The previous bytecode OVERFLOW_CHECK does not exercise a loop which makes relatively easy to verify. The code below iterates a loop c times where c is an arbitrary u8, unsigned integer over 8 bits.

We want to guarantee that this bytecode always terminates for any value of c and, a suitable initial value of gas in the EVM. What we are doing here is building a proof for a family of bytecodes as c is a paramater of the bytecode itself.

What this bytecode is doing

The layout of the bytecode is as follows:

-------------------
Address|Instruction
-------------------
0x00:   PUSH1 c
0x02:   JUMPDEST   <-------
0x03:   DUP1               |
0x04:   PUSH1 0x08         |
0x06:   JUMPI       ----   |
0x07:   STOP            |  |
0x08:   JUMPDEST    <---   |
0x09:   PUSH1, 0x01        |
0x0b:   SWAP1              |
0x0c:   SUB                |
0x0d:   PUSH1, 0x02        |
0x0f:   JUMP       --------

The bytecode initially pushes c at the top of the stack.

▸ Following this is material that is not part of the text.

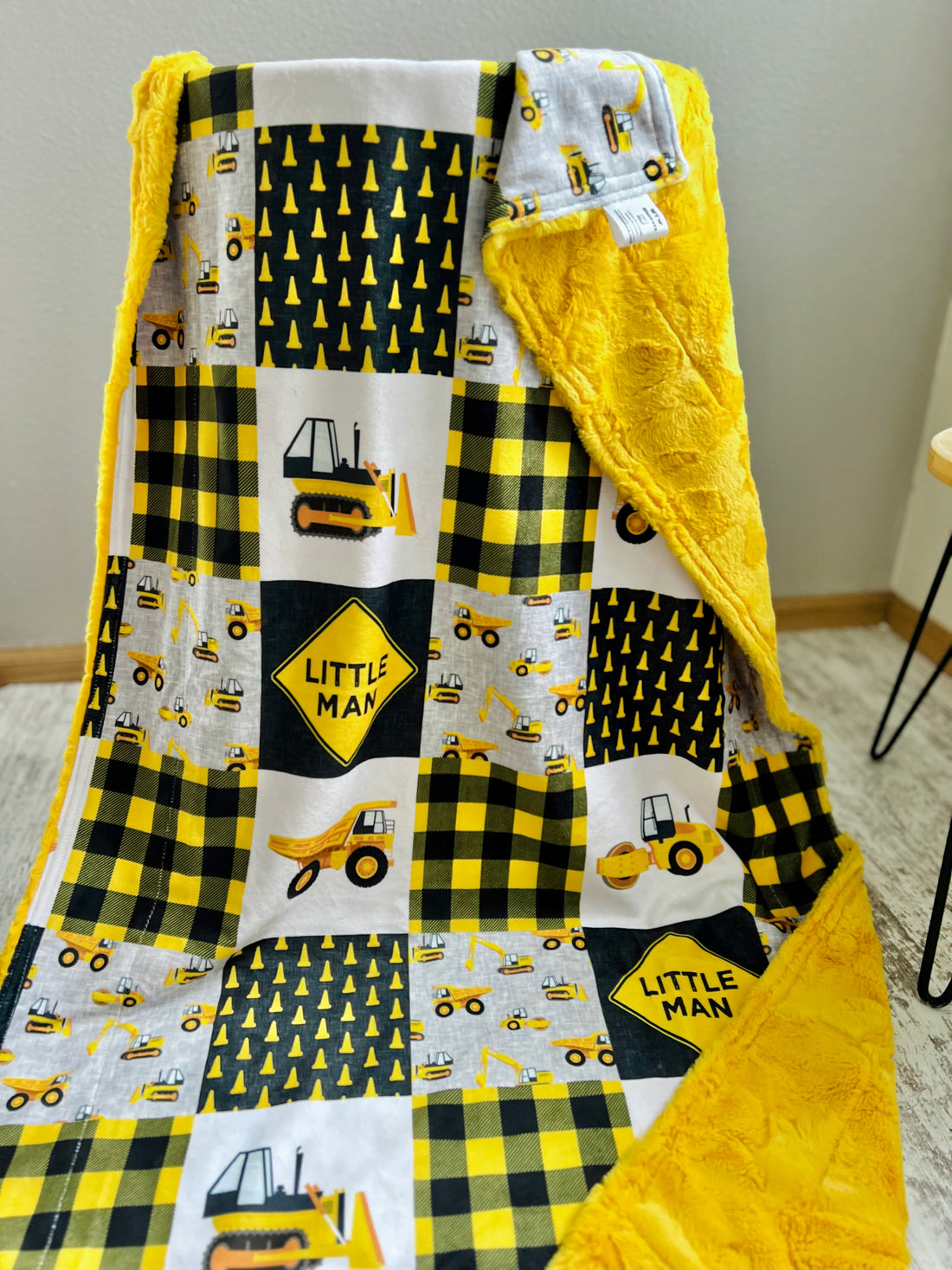 LITTLE MAN Yellow Construction Luxury Minky Blanket - Pre Order (Made to Order)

Let's assume the stack is initially empty. Then after executing 0x00 it is [c]. The bytecode then iterates the following sequence of instructions:

  1. duplicates top of the stack (0x03) and pushes a JUMP target 0x08; the stack is [0x08, c, c].
  2. if stack[1] > 0 then jump to stack[0] and otherwise go to next instruction 0x07; pop two elements off the stack. This all happens with JUMPI at 0x06. After this instruction the stack is [c].
  3. if we have not jumped in the previous step, the next instruction is 0x07 and we halt.
  4. otherwise we are at 0x08. From 0x08 to 0x0d, decrement the top of the stack by one resulting in a stack [c - 1] and push a JUMP target 0x02.
  5. JUMP to 0x02 and pop top of the stack, i.e. go to step 1.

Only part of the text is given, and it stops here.